[Wien] .machines problem

John Rundgren jru at kth.se
Tue Oct 4 11:21:36 CEST 2016


Peter and Gavin,
Many thanks for your comments: I realize that a local net is too slow 
for two computers to make up an efficient cluster; I shall study 
multi-threading by testing on various codes and different compilers.
Regards,
John


On 10/01/2016 08:21 PM, Gavin Abo wrote:
> Maybe ping homer and odysvs.  For example, in a terminal:
>
> ping homer
> ping odysvs
>
> In the output, you will probably see something like:
>
> PING homer (xxx.x.x.x)
>
> The ip address xxx.x.x.x of homer and odysvs should be different. If 
> they are both resolving the localhost (127.0.1.1) ip address like you 
> thought they are, then maybe there is a problem with the configuration 
> of the hosts file [ https://en.wikipedia.org/wiki/Hosts_(file) ].
>
> For the test you mentioned below, are you using a Gigabit Ethernet 
> network [ 
> http://www.mail-archive.com/wien@zeus.theochem.tuwien.ac.at/msg13632.html 
> , 
> http://www.mail-archive.com/wien@zeus.theochem.tuwien.ac.at/msg09334.html 
> , 
> https://en.wikipedia.org/wiki/List_of_device_bit_rates#Local_area_networks 
> ], OMP_NUM_THREADS=1 [ 
> http://www.mail-archive.com/wien@zeus.theochem.tuwien.ac.at/msg00992.html 
> ], and hyperthreading turned OFF [ 
> http://www.mail-archive.com/wien@zeus.theochem.tuwien.ac.at/msg05474.html 
> ]?
>
> On 10/1/2016 7:19 AM, John Rundgren wrote:
>> On 09/30/2016 09:44 AM, Peter Blaha wrote:
>>> Parallelization has always its limits and you need to do it 
>>> "sensible". In general it is NOT true, that more cores always mean 
>>> faster execution, but it could even slow down the calculations 
>>> dramatically.
>>>
>>> a) Hardware: You say your computers have "8 threads". Do you mean 
>>> they have really 8 cores (like some Xeons), or are these 4 core 
>>> machines with hyperthreading. In the latter case 8 parallel jobs are 
>>> useless, as hyperthreading provides only a logical core, but not a 
>>> "real" one.
>>> In addition, it is well known that modern multi-core cpus are very 
>>> often "memory-bound", this means, their memory bus is too slow to 
>>> saturate all cores simultaneously. Thus it is often "natural" that a 
>>> N core job is NOT N times as fast as a single core job.

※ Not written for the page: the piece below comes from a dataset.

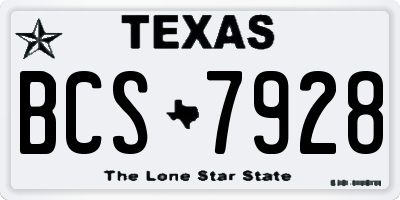 TX license plate BCS7928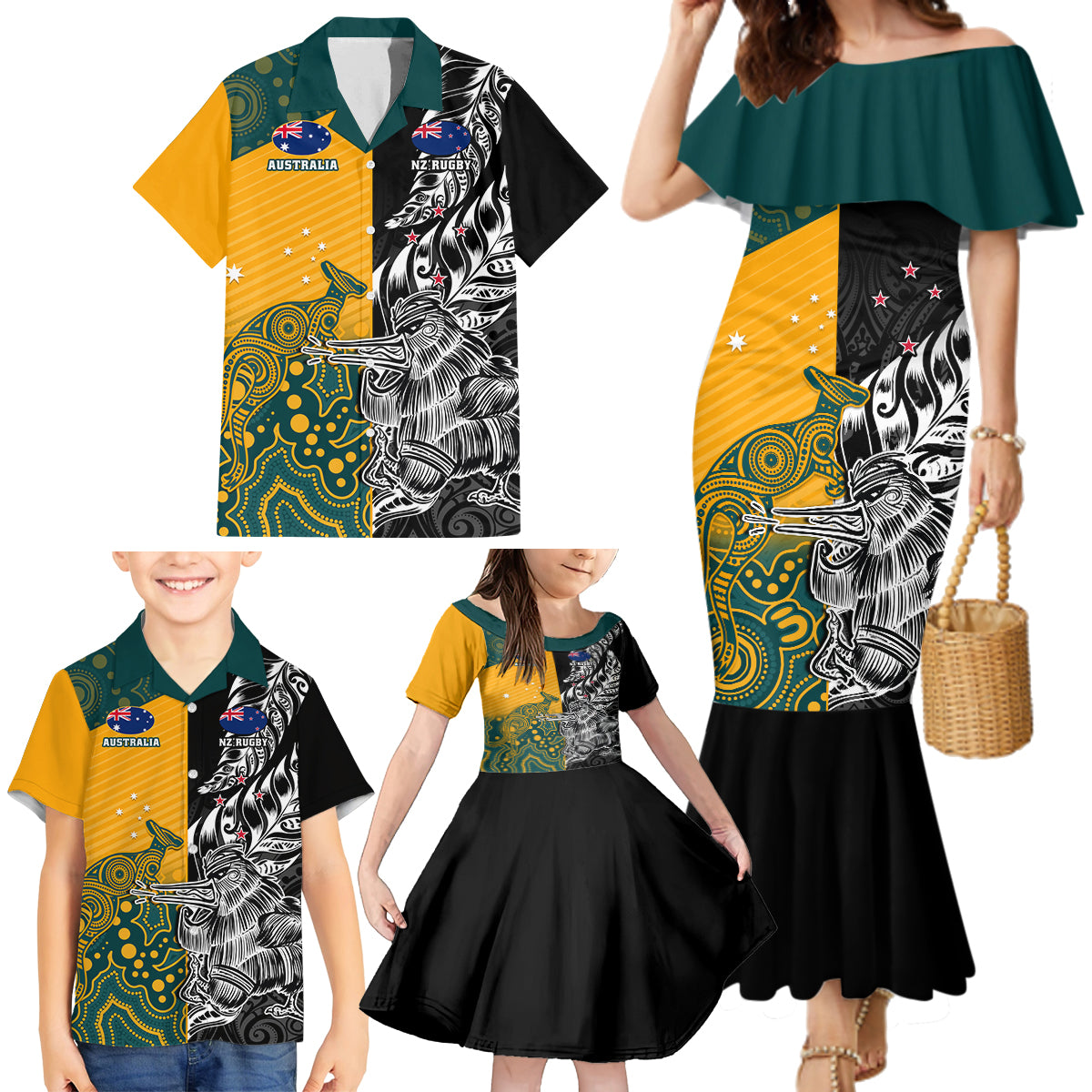 Custom New Zealand And Australia Rugby Family Matching Mermaid Dress and Hawaiian Shirt Wallabies Kiwi Silver Fern 2023 World Cup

>>> Another factor is disk I/O, which on some systems can become VERY 
>>> slow (over the network or on a single node) the more jobs are running.
>>>
>>> b) Software: There is a "multithreading" option with Intel, and 
>>> setting OMP_NUM_THREAD=2 makes lapw1 nearly twice as fast as 
>>> OMP_NUM_THREAD=1. Of course, when using this, you should reduce the 
>>> number of parallel jobs by 2. Check with "top" your cpu usage. When 
>>> you see "200 %" for an lapw1 process, it is this multithreading.

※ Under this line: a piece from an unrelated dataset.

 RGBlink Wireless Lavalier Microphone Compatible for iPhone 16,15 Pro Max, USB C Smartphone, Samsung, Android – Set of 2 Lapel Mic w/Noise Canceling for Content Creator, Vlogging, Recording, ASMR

>>> lapw1para: it starts the parallel processes with some "DELAY", 
>>> otherwise this leads to problems on some systems. If for instance 
>>> DELAY=1, it means that spanning 16 lapw1 will take at least 16 
>>> seconds. If your testcase runs only for 2 seconds/lapw1, you can 
>>> imagine that you will not get any speedup, but a drastic slowdown. 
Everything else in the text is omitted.